I monitored his position with my radar and he stayed within about a mile of me for an hour then I lost contact. I gathered my winch handles hoping that these guys would be armed with only squirt guns so that I could have a fair fight. Their activity was suspicious to say the least.
Upon arriving in Haiti, officials didn't really care that I was there and so I enjoyed a few days at Ile A Vache. Officials in the Dominican Republic cared. I stopped to anchor for rest at a remote island and was immediately boarded by their coast guard (they don't have any boats there and rely on local fishermen for transport).
Their inspection was as thorough as you could get, and they sampled every single bag of flour, powdered sugar, baking soda, and dried milk that I had aboard. Rather than resting for the remainder of the day, I spent it stowing all my stores back into the spaces they were crammed.
I might have been slightly more intimidated had the junior member of the boarding party not been wearing pink sandals with his camo fatigues. A lot of drug boats from Columbia do stop there, so I had no problem with the intrusion.
Now back to Haiti. It has the unofficial reputation as the "Somalia of the Caribbean." True, parts of the country are fairly lawless and crime happens regularly to outsiders, in particular white people. But you know what they say about stereotypes…
Ile A Vache is a small island on the south coast of Haiti with a population of about 10,000. The locals harvest bananas, coconut, potatos, and fish. Their other source of income is from the sailboats that stop there, since it really is the only safe haven for cruisers.

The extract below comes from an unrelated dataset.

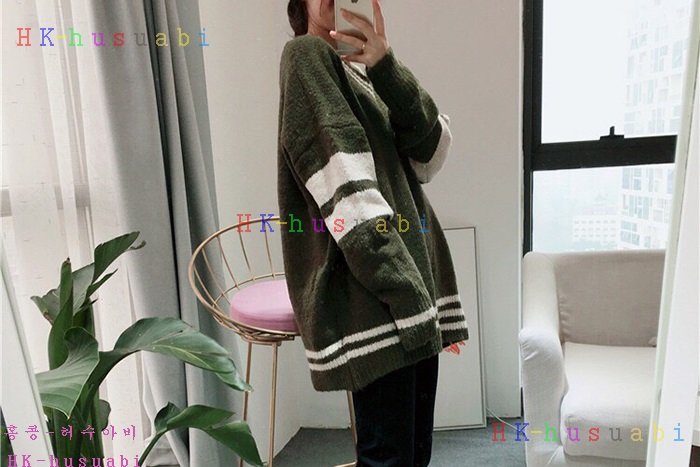 NEW ���� ���ȥ�� �Ż��Ʈ GU 433251-2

Upon entering the harbor, I was greeted by boys in dugout canoes directing me to good spots to anchor. As I was anchoring, even more boys and young men approached, asking me if I needed food, water, diesel, projects completed on the boat, etc.

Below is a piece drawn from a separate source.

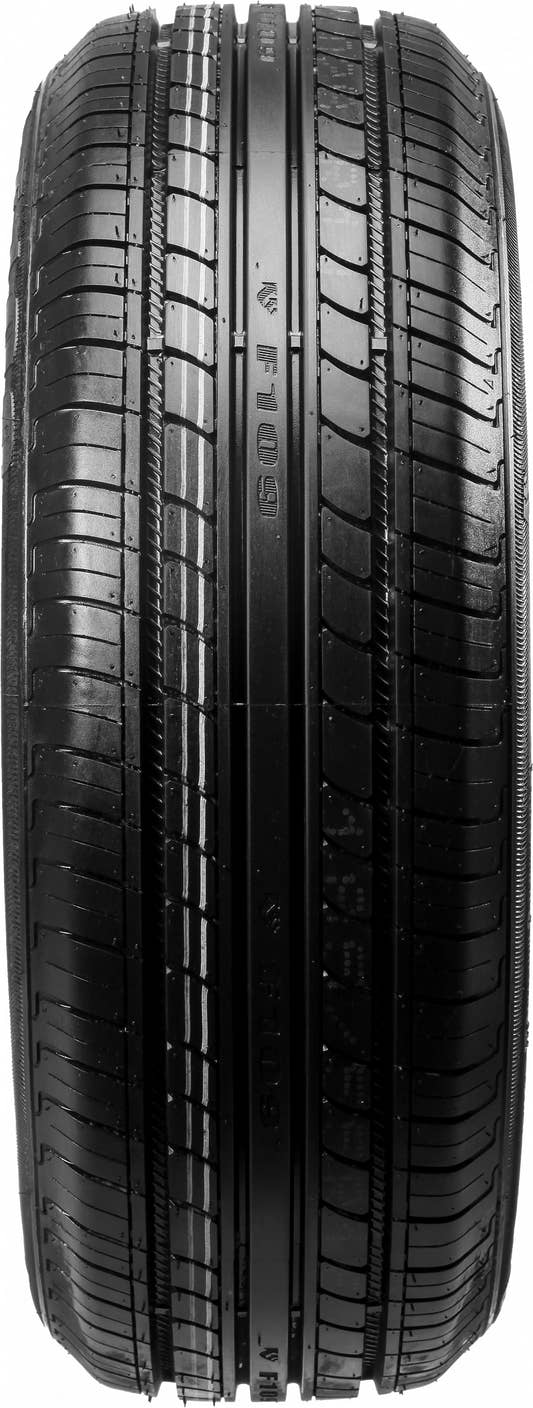 Tracmax F 109 DOT20 185/55 R16 83V Sommer DOT DOT20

I was overwhelmed and even irritated – all I wanted to do was secure the anchor and sleep. The next day all the same guys came back. They know that Americans have money, but none of them asked for a handout — they all wanted to earn it, something I admired greatly.
I employed some of them to polish my stainless steel, give me a walking tour of the island, and take me to the market on market day. They cooked dinner for me on two nights, leading me through the dark pathways of the village with the lights from their cellphones.

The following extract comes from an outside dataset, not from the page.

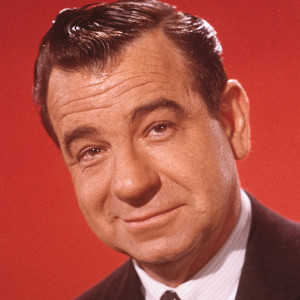 Walter Matthau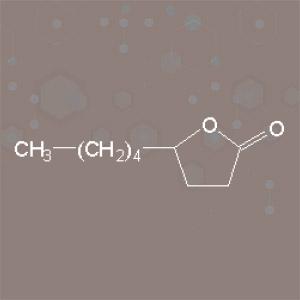 aldehyde c-18 natural bestally (gamma-nonalactone)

We ate a typical island dinner — rice and beans with fish — by lamplight in their small cement homes surrounded my palm-thatch fencing.
There is no electricity on the island, and they stay connected with a solar-powered cellular tower. Most speak decent English and they all seem to enjoy going to school for the promise that education can provide.
It was very humbling to spend time here, and a good reminder as to the treasures one can find when they drop the stereotypes.
It makes one wonder what they might have missed out on in the past because they were afraid of a people or a place, based on hearsay, but largely unfounded.